Description Sanjal Katiyar 2024-04-02 06:18:50 UTC
Description of problem (please be detailed as possible and provide log
snippests):
In order to calculate average usage and days left (until storage is full) we are relying on "ocs-metrics-exporter" "uptime": https://github.com/red-hat-storage/odf-console/blob/master/packages/ocs/queries/ceph-storage.ts#L338 which is incorrect ("uptime" of the exporter is not equal to the "retention period" of the Prometheus instance), it will affect the average if exporter is running for (say) a year (it is an ever increasing value).
Another issue is if exporter restarts for some reason, it gonna reset the "uptime" as well.

Version of all relevant components (if applicable):
ODF 4.16


Does this issue impact your ability to continue to work with the product
(please explain in detail what is the user impact)?


Is there any workaround available to the best of your knowledge?


Rate from 1 - 5 the complexity of the scenario you performed that caused this
bug (1 - very simple, 5 - very complex)?


Can this issue reproducible?
Yes, whenever "uptime" > "retention period" of Prometheus


Can this issue reproduce from the UI?
Yes


If this is a regression, please provide more details to justify this:


Steps to Reproduce:
1.
2.
3.


Actual results:


Expected results:


Additional info:
Epic: https://issues.redhat.com/browse/RHSTOR-4624.

Maybe we can look into reading retention period directly from the OCP ConfigMap (https://docs.openshift.com/container-platform/4.13/monitoring/configuring-the-monitoring-stack.html#modifying-retention-time-and-size-for-prometheus-metrics-data_configuring-the-monitoring-stack).

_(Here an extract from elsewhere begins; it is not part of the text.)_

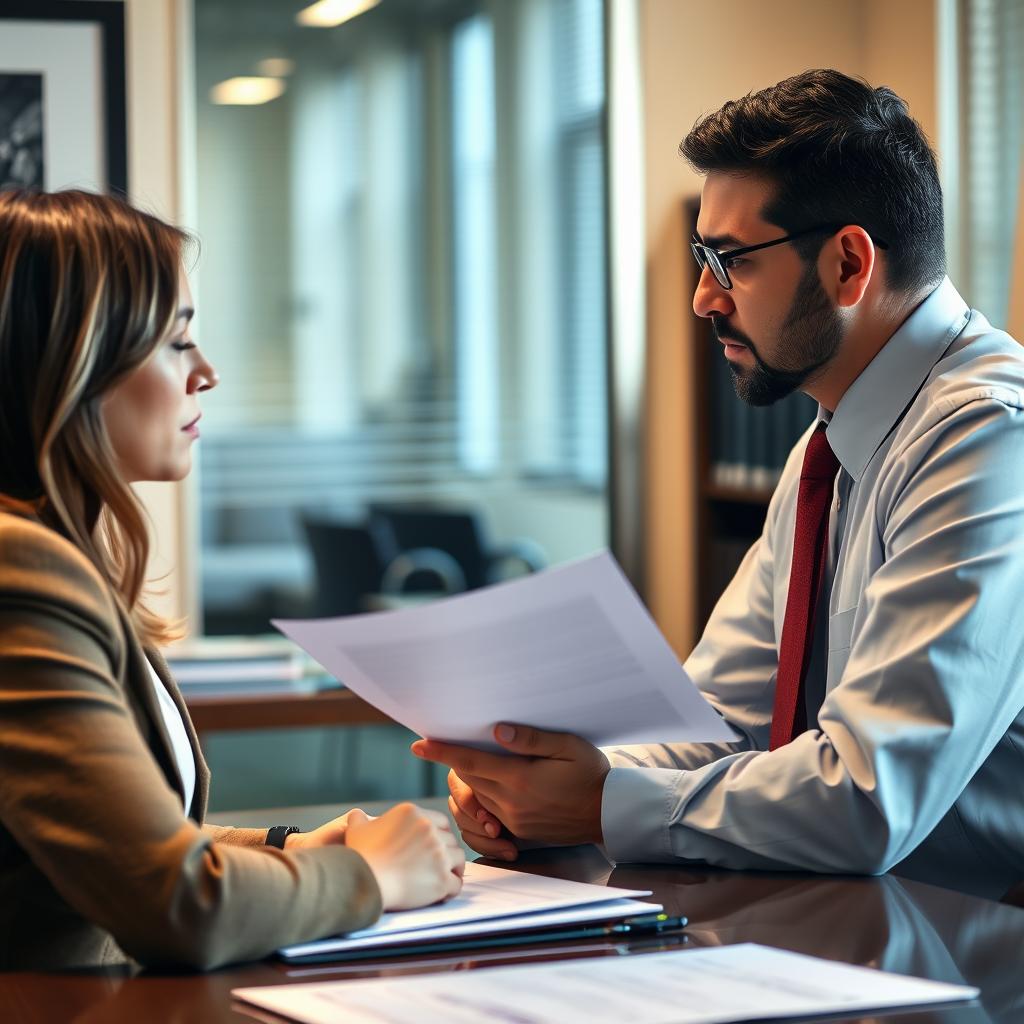 Underinsured Motorist Claim Lawyer Mercer County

Comment 9 Divyansh Kamboj 2024-04-29 14:40:11 UTC
the other 2 bzs that have been mentioned occur due to manual failover, you can go ahead and test it in a clean setup

Comment 16 Sunil Kumar Acharya 2024-08-30 15:19:19 UTC
Please evaluate and provide qa_ack.

Comment 20 Sunil Kumar Acharya 2024-09-03 05:33:26 UTC
Please update the RDT flag/text appropriately.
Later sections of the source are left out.